Tutto è partito dai neuroni specchio, scoperti da un gruppo di scienziati dell’università di Parma, fra cui proprio Gallese, nel 1991. Sono cellule nervose che si attivano sia quando si fa una cosa in prima persona che quando si osserva un altro compiere la stessa azione. Grazie a meccanismi verosimilmente analoghi,  basta scorgere un’emozione su un viso o percepire che la gamba di un altro viene sfiorata per simulare nel nostro cervello una sensazione corrispondente.

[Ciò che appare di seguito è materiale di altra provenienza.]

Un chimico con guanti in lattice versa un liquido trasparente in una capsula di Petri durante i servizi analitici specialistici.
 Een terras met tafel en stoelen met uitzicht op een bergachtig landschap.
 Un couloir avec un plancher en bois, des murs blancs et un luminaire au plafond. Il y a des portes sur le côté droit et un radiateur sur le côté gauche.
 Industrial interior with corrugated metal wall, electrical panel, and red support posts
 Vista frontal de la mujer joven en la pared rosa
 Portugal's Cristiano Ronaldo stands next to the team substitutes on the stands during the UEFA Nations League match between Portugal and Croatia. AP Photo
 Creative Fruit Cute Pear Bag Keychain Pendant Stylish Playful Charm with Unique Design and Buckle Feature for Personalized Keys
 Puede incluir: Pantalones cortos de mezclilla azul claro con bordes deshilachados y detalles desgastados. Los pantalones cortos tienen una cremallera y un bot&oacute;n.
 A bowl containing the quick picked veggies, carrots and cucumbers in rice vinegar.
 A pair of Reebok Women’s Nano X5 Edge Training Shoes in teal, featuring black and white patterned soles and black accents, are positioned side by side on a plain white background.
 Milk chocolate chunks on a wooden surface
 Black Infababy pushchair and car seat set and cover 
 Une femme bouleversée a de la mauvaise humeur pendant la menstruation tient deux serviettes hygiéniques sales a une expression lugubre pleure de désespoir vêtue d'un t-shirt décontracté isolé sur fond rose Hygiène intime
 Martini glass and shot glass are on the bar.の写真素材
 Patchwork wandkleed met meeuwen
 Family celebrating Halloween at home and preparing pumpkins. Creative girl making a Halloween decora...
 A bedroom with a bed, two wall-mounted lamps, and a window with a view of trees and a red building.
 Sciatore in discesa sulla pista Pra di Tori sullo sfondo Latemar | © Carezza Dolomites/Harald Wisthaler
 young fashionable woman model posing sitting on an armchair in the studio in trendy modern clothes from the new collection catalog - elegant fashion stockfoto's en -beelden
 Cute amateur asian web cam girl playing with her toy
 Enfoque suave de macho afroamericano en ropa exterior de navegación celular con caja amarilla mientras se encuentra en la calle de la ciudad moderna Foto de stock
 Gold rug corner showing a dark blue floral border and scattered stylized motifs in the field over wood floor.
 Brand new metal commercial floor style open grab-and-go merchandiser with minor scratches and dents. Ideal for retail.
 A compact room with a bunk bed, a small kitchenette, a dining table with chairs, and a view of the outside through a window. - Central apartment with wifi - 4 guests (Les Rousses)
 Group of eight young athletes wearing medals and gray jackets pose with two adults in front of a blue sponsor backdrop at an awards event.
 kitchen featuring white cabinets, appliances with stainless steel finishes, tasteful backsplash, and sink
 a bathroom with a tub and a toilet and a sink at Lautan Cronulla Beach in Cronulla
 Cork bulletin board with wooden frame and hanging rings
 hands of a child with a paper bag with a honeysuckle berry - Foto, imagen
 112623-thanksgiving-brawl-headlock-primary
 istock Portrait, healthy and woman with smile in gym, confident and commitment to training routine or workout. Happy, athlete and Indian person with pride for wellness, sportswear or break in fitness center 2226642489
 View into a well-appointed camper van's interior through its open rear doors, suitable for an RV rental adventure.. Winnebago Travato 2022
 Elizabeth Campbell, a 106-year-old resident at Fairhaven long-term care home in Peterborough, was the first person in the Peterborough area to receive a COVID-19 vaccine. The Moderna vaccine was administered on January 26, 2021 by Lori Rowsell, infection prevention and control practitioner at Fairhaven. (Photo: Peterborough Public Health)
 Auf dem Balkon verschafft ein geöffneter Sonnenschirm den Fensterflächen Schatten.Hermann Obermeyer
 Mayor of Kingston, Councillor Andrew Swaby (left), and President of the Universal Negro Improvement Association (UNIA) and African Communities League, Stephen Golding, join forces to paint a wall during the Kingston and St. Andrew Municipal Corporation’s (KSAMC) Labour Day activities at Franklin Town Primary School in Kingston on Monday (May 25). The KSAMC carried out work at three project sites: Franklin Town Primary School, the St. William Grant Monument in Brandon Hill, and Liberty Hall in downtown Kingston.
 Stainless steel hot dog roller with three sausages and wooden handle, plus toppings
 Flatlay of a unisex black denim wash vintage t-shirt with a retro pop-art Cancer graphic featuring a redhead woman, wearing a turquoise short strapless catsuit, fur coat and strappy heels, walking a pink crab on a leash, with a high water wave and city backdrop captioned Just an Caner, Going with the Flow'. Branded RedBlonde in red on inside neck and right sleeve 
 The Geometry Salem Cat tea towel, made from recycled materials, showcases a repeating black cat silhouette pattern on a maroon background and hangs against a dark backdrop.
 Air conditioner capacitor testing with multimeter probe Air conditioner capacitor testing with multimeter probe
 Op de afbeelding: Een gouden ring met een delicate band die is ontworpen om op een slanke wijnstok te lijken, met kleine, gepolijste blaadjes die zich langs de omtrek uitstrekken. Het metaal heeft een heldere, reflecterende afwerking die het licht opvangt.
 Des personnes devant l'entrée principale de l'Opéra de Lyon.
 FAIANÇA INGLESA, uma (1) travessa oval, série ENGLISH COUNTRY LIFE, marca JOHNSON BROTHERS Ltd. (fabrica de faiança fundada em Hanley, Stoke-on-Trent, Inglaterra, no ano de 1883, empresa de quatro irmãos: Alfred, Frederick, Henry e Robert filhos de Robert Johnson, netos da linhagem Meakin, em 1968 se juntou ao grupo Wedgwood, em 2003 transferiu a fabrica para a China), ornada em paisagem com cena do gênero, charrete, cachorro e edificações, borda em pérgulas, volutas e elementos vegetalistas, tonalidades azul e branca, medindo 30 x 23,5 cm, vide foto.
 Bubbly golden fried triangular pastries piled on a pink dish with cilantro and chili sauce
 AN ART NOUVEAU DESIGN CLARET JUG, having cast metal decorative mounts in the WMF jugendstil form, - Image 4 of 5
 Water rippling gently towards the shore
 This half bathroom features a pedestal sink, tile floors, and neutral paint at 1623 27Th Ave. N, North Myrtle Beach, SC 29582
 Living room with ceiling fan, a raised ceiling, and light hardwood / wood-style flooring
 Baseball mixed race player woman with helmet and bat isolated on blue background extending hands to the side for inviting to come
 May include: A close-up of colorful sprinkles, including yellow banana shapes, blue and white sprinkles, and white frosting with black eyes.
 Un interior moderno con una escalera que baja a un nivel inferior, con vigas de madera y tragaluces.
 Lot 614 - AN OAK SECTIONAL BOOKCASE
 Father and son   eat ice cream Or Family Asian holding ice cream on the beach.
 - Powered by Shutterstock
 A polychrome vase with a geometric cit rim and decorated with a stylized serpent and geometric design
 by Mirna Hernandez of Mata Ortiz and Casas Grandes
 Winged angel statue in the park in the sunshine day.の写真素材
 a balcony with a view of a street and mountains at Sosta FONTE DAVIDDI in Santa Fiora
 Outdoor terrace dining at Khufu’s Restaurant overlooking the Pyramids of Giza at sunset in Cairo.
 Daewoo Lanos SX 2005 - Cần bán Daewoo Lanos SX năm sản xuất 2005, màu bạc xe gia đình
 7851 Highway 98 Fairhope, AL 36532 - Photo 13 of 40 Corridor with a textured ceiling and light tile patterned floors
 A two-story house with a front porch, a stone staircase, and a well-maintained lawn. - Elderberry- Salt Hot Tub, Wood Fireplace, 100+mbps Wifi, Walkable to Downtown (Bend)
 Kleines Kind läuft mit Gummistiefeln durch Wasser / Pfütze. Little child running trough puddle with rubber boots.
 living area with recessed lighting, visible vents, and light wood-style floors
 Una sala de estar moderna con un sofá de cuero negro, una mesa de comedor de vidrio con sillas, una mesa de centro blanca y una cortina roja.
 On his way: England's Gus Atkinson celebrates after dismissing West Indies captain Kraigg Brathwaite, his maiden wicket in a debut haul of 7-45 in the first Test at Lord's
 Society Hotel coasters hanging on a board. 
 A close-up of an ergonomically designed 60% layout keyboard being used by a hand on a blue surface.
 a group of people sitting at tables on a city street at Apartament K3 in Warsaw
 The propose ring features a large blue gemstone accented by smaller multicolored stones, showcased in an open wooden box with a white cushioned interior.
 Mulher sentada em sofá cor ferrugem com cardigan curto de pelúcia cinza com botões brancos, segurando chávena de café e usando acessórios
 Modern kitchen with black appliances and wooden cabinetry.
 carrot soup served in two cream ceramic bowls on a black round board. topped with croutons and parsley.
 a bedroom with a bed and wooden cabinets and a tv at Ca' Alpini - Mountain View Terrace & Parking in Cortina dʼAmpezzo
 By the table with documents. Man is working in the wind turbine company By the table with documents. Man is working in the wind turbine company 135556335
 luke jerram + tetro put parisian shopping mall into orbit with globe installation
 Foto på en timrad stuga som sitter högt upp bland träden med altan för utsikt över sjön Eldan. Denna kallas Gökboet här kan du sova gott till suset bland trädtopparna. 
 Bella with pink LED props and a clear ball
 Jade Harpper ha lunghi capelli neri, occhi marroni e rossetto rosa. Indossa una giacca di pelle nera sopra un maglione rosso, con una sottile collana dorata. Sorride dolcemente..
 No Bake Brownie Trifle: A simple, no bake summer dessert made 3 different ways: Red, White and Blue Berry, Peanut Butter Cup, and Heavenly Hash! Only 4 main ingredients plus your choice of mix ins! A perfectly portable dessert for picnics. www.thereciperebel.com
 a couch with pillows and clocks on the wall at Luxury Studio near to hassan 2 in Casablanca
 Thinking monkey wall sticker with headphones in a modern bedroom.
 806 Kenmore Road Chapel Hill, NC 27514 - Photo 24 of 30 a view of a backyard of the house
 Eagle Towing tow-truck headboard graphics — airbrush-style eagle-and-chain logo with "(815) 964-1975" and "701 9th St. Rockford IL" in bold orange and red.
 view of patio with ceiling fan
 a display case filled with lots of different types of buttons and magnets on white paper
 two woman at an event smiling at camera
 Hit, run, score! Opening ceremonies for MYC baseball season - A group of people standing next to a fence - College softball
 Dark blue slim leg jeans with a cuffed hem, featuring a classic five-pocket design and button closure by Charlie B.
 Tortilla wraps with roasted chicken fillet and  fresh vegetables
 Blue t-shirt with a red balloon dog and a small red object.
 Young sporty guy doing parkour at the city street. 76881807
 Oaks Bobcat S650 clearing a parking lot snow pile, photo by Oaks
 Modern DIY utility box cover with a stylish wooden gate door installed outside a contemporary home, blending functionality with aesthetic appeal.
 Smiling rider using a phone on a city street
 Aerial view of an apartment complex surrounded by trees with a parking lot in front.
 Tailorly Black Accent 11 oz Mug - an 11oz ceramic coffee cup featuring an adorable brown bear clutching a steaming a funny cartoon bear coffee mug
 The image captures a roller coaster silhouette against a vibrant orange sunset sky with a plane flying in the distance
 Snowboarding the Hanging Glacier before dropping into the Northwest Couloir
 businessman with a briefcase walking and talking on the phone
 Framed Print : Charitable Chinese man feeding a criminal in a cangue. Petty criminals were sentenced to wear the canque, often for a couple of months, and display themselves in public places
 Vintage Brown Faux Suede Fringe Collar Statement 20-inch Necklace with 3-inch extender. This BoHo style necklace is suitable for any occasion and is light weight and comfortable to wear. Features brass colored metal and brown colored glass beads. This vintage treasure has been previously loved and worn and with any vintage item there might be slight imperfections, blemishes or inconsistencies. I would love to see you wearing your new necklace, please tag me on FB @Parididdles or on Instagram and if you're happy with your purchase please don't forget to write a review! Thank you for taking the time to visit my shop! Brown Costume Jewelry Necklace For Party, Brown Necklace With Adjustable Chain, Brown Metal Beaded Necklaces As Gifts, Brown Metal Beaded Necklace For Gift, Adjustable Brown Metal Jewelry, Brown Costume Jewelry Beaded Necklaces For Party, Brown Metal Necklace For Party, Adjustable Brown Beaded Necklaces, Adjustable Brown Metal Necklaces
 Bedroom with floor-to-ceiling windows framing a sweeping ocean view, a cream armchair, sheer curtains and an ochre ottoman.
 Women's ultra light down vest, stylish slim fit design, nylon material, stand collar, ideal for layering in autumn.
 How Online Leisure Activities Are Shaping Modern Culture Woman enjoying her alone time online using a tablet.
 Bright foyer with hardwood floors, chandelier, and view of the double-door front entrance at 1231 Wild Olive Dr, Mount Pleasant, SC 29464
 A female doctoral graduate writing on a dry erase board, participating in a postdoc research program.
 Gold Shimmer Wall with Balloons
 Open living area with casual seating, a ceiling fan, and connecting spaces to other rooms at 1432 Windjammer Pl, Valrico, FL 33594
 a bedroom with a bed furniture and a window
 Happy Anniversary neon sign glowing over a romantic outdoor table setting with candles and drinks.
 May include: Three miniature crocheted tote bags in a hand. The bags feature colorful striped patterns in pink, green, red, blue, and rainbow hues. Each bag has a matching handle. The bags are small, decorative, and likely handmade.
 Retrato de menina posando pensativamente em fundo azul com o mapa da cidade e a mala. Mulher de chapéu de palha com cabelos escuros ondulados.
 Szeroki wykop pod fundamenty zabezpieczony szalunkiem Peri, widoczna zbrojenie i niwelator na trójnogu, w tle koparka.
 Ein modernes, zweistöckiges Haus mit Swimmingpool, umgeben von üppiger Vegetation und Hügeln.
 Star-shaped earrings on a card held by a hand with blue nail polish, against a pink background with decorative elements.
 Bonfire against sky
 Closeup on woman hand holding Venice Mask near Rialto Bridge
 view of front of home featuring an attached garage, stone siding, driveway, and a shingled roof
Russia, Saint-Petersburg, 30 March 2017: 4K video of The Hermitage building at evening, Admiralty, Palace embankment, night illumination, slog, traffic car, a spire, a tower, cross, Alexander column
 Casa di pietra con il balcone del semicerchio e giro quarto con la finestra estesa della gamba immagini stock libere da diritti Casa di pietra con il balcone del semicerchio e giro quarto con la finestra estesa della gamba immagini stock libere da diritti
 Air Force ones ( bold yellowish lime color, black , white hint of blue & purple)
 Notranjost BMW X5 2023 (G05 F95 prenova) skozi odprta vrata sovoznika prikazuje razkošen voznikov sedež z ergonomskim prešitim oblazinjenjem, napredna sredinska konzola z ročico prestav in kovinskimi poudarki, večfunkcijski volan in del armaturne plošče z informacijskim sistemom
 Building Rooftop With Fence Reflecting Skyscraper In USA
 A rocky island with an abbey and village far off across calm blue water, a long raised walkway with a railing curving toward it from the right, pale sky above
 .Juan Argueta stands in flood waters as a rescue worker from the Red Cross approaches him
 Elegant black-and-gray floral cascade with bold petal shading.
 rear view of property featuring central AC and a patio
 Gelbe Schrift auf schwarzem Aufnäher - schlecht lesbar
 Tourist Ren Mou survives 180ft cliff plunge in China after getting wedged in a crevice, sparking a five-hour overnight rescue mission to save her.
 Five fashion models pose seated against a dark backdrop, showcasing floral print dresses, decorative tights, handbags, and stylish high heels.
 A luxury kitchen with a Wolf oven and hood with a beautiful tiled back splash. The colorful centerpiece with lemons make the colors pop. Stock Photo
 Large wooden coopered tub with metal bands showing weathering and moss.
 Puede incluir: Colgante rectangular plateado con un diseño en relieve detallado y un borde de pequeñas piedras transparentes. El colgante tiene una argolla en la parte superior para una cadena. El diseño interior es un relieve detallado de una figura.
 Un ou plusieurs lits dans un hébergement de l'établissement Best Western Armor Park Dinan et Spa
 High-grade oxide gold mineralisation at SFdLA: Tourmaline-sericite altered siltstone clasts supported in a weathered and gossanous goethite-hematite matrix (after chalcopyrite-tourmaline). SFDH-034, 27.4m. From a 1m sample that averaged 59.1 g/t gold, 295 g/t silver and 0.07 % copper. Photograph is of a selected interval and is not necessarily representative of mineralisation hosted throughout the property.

Questo meccanismo è ciò che Gallese definisce “simulazione incarnata”.

 

“Diversi anni fa abbiamo iniziato a pensare che questa potesse essere solo la punta di un iceberg e che la stessa logica fosse applicabile ad ambiti diversi, come quello delle sensazioni e delle emozioni”.  Alla luce di questo modello, si è deciso di concentrarsi su due patologie in cui il tema dell’intersoggettività risulta centrale, spiega ancora il professore: la psicosi schizofrenica e l’autismo infantile, molto diverse fra loro ma con un tratto comune, ossia i problemi di relazione con l’altro.

 

Finora queste patologie sono state studiate con un approccio “dall’alto”, cognitivista, senza concentrarsi sulla dimensione “incarnata” dell’esperienza in prima persona. “Questo lavoro ne segue uno diverso ed è solo il primo di una serie”, racconta ancora Gallese.

 

I pazienti sono stati osservati a sei mesi dal primo episodio di schizofrenia. Ed è emerso che durante la “percezione sociale”  –  i pazienti guardavano il video di una mano toccata da un’altra mano, accarezzata o schiaffeggiata – nei soggetti schizofrenici l’area della corteccia premotoria si attivava molto meno rispetto al gruppo di controllo. E risultava tanto meno attiva quanto più gravi erano i sintomi della malattia riguardo all’esperienza del sé. L’insula posteriore, invece, che negli individui sani si “spegne” quando si osservano esperienze tattili nell’altro, nei soggetti schizofrenici rimaneva attiva.

 

“La schizofrenia si caratterizza per un problema di confine del sé corporeo – riassume Gallese – e qui forniamo una chiave di lettura, mettendo in evidenza le basi neurali del problema chiave: non essere in grado di tracciare confini netti fra il sé e l’altro”.

 

All’estero il lavoro ha suscitato parecchio interesse. Per Georg Northoff, dell’Institute of Mental Health Research dell’Univeristà di Ottawa, si tratta di uno studio unico dai risultati importanti, “che mostrano come i pazienti schizofrenici perdono letteralmente il contatto con la realtà in quanto incapaci di integrare il loro sé con quello degli altri e quindi con l’ambiente sociale”, con conseguenze di rilievo per la comprensione non solo della malattia ma del funzionamento del cervello.

 

Già Freud aveva ipotizzato che un’alterazione nella distinzione tra “me e altro da me” fosse alla base del pensiero psicotico, sottolinea Mark Solms, curatore della nuova edizione standard integrale dei lavori psicologici del padre della psicoanalisi: per l’esperto questo lavoro “fornisce una nuova base scientifica alla sua teoria”.